Pasta and peas
17/11/2023Here is the classic Italian recipe for pasta and peas:
Ingredients
- 320 g of pasta (ditalini or tubetti are usually used)
- 300 g of fresh or frozen peas
- 1 small onion
- 50 g of smoked pancetta (optional)
- 2 tablespoons of extra virgin olive oil
- Salt and pepper to taste
- Vegetable broth or water as needed
- Grated Parmesan cheese for serving (optional)
Preparation
- Begin by finely chopping the onion and cutting the pancetta into small cubes if you choose to use it.
- In a pot, heat the extra virgin olive oil and add the chopped onion (and pancetta, if using). Sauté until the onion becomes translucent and the pancetta is lightly golden.
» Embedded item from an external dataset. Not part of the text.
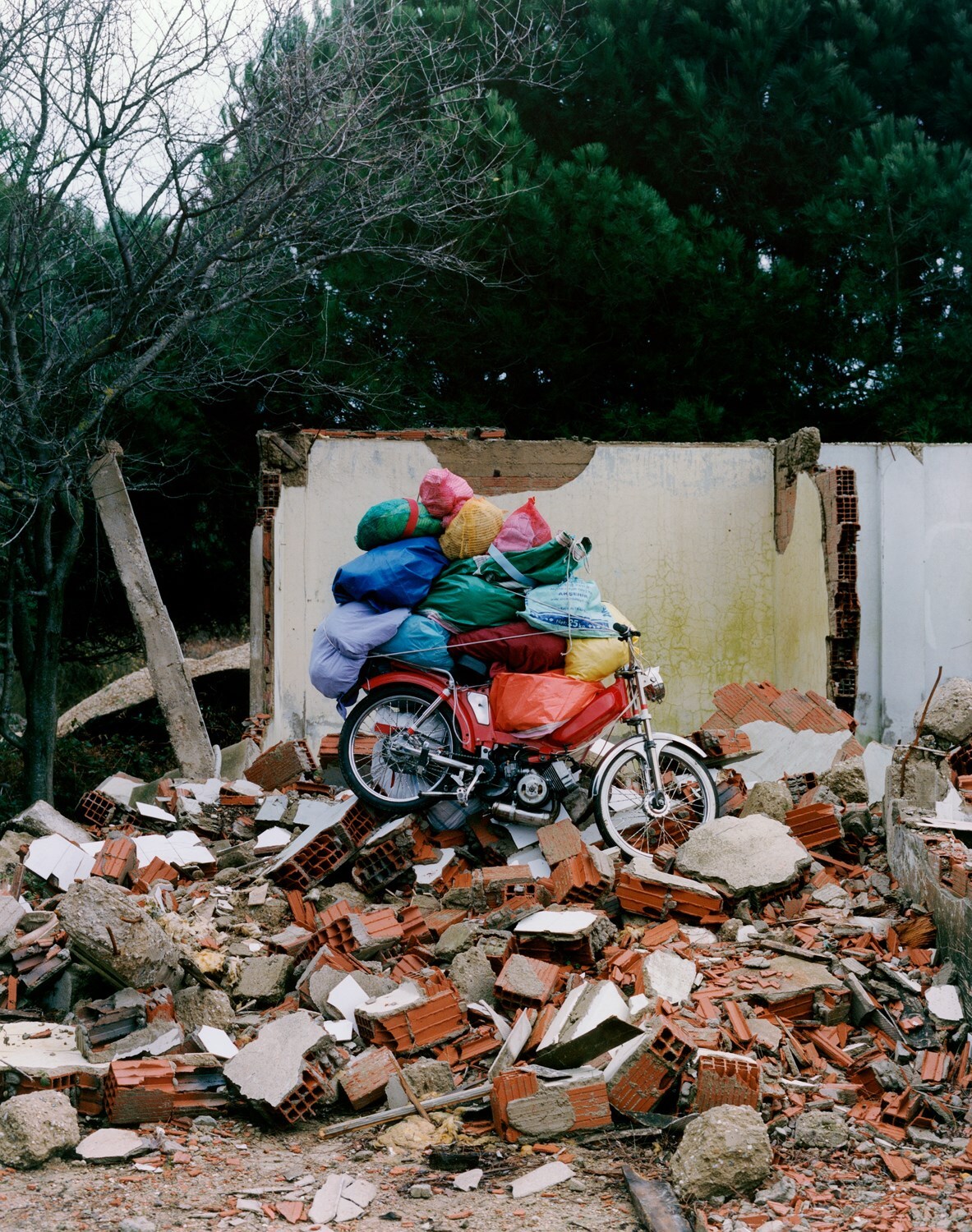 Home: Leaving One For Another Olga&#231; Bozalp photographer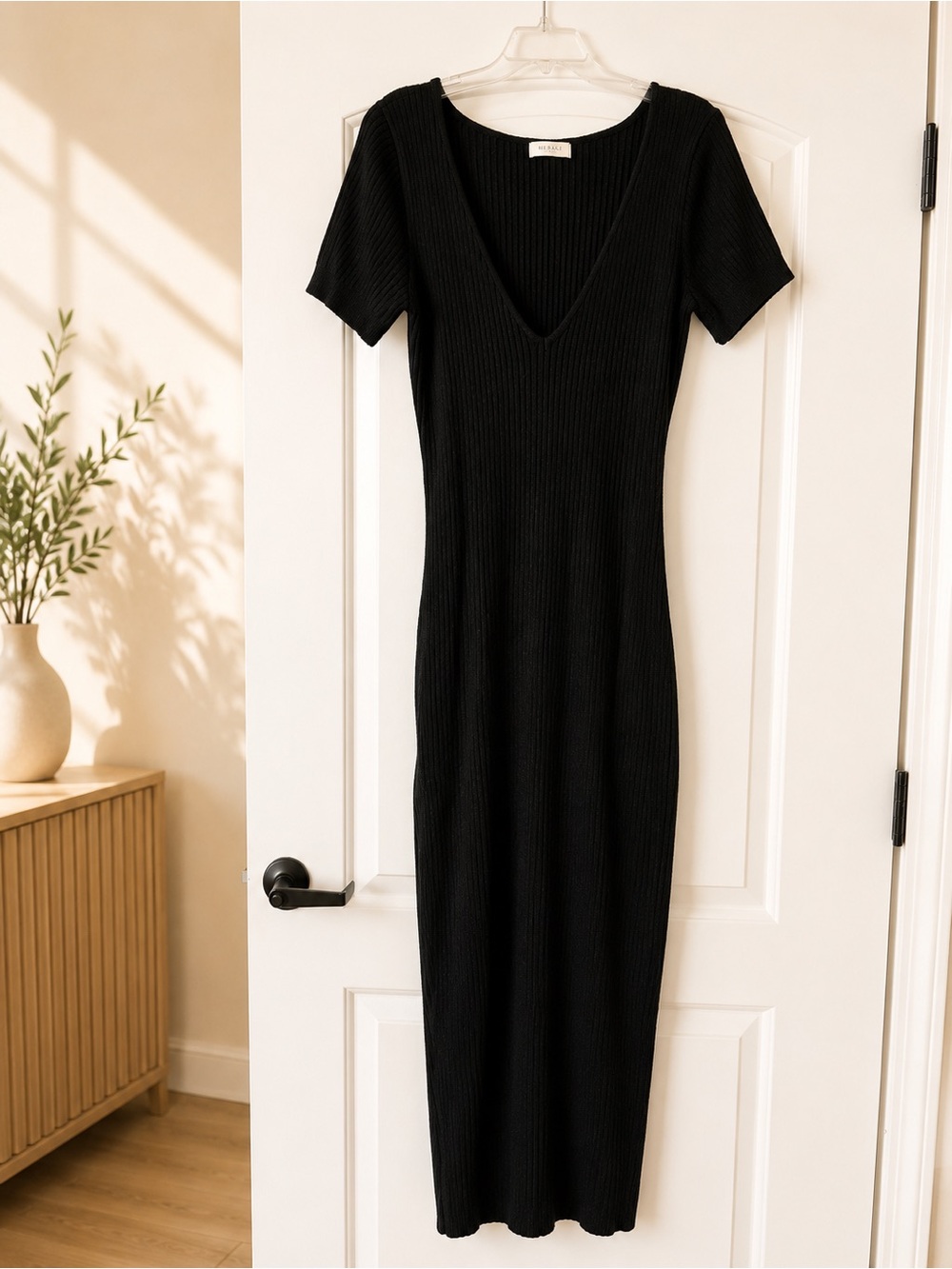 Meshki Black Ribbed V-Neck Midi Dress - XL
- Add the peas to the pot and mix well. Allow them to flavor for a few minutes.
- Pour in the vegetable broth or water just enough to thinly cover the peas and bring to a gentle boil.
- When the peas are almost cooked, add the pasta and stir well. If necessary, add more broth or hot water to ensure that the pasta is completely submerged.
- Cook the pasta following the timing suggested on the package, stirring occasionally.
- Adjust the salt and pepper, and finish cooking until the pasta is al dente and the liquid has reduced, leaving a tasty cream.
- Serve the hot pasta and peas with a sprinkle of grated Parmesan cheese if desired.
Interesting Facts
Pasta and peas is a very simple dish that is emblematic of Italian home cooking. It is a recipe that reflects the philosophy of cooking with a few fresh ingredients, bringing authentic flavors to the table. Traditionally, it is a dish prepared in the spring, when peas are fresh and sweet, but today it is easy to find it year-round thanks to frozen peas.